Un sauvetage très audacieux
Roger Langeron, préfet de police de Paris, (du 17 mars 1934 au 24 janvier 1941) semble avoir un sérieux cas de conscience. De ceux qui lui font passer des nuits blanches… Jacques Simon, directeur des Renseignements généraux, (RG/PP) vient de lui soumettre un épineux problème. En ce 8 juin 1940, les Allemands occupent maintenant Paris et bientôt la France entière. Ils auront donc, sous peu, un certain droit de regard sur les administrations françaises et leurs fichiers. Or, Jacques Simon est très inquiet pour les conséquences possibles, si l’ennemi mettait le nez dans ces dossiers dont certains sont de véritables bombes à retardement. Le renseignement politique n’est pas sans danger ! Il pense notamment à ceux traitant des loges Franc-maçonniques, les organisations anarchistes, ou plus simplement des renseignements et fichiers sur des sujets pouvant intéresser l’Occupant nazi : israélites, communistes, nationalistes, etc.
Au nombre de ceux-ci, un fichier devenu brûlant, celui contenant de nombreux dossiers relatifs aux agents de l’Abwehr infiltrés en France depuis une dizaine d’années, ceux que l’on nomme : « les espions de la 5e Colonne ».
A cette époque, le fichage politique était un sport à la mode. Rien ni personne n’était épargné par les « grandes oreilles » du pouvoir ! Un vrai caviar pour l’occupant nazi et la sinistre Gestapo ! Et puis, en dehors de cet aspect spécifique du problème, il y avait également les dossiers confidentiels de la direction de la police judiciaire dont certains pouvaient s’avérer tout aussi dangereux pour les personnes mises en cause. Comme il ne semble pas judicieux à ce moment de détruire ces précieux fichiers et dossiers durement acquis, ils doivent donc disparaître de la circulation pour un temps et stockés dans un endroit sécurisé en attendant des jours meilleurs. Les fonctionnaires passent mais les dossiers bien « crasseux » restent ! Pour la même raison, un grand nombre de documents gouvernementaux se trouvent déjà stockés à Saintes (17), à l’abri des regards indiscrets. Alors, pourquoi ne pas en faire autant avec ces fichiers et dossiers brûlants. Oui, mais comment ? Les routes sont paralysées par les très nombreux civils en route pour l’exil. Les raids aériens de la chasse allemande sont fréquents et souvent meurtriers. Il convient donc de se rendre de Paris à Saintes en évitant le réseau routier.

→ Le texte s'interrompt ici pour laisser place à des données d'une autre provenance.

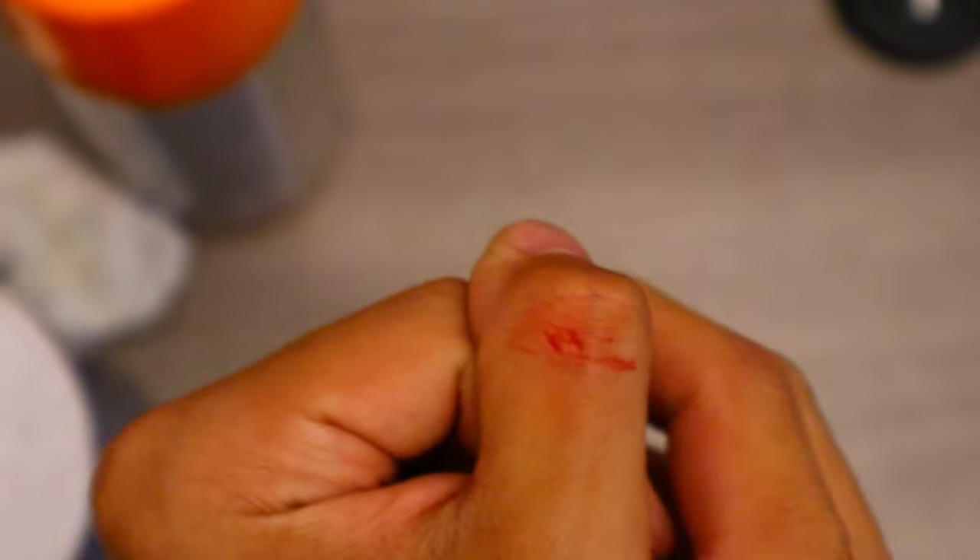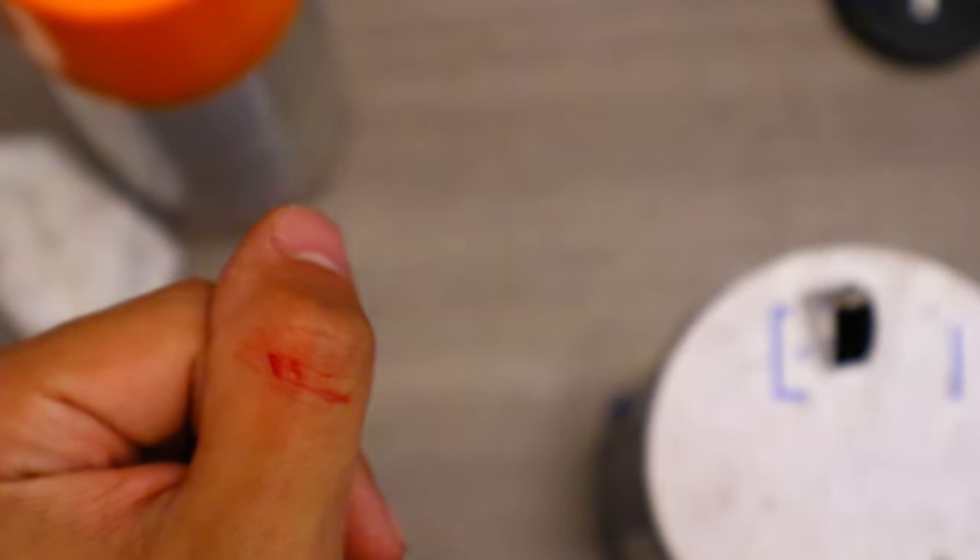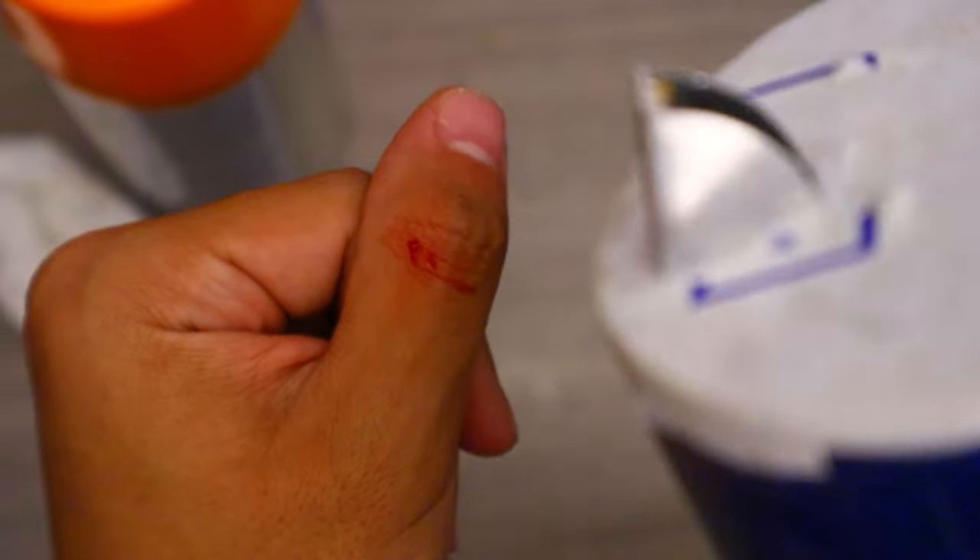I was sawing something a few moments ago and accidentally nicked myself, so I thought it'd be an interesting idea to test out the saying 'don't rub salt in a wound.' I'm going to test if rubbing salt in a wound really makes it worse.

Après concertation, une solution va se faire jour. A défaut de pouvoir prendre la route, cette cargaison – hautement explosive – utilisera la voie fluviale. A cet effet, une péniche de transport fluvial est immédiatement réquisitionnée ainsi que son pilote. Cette embarcation a un nom prédestiné : « L’AUDACE »… La péniche sera amarrée provisoirement sur la Seine, face au 36, quai des Orfèvres, sous les fenêtres de la police judiciaire. A cet endroit, le quai dispose d’une large rampe d’accès qui forme une sorte d’embarcadère. Le chargement va s’opérer le 10 juin 1940, alors que les troupes nazies approchent de la capitale. Durant cette journée, un grand nombre de policiers sont réquisitionnés et tout ce que la préfecture de police compte de véhicules de transports, camions et cars, seront de la fête ! La cargaison se présente alors sous la forme de 150 grandes caisses en bois contenant chacune une cinquantaine de dossiers estampillés « Secret & Confidentiel ».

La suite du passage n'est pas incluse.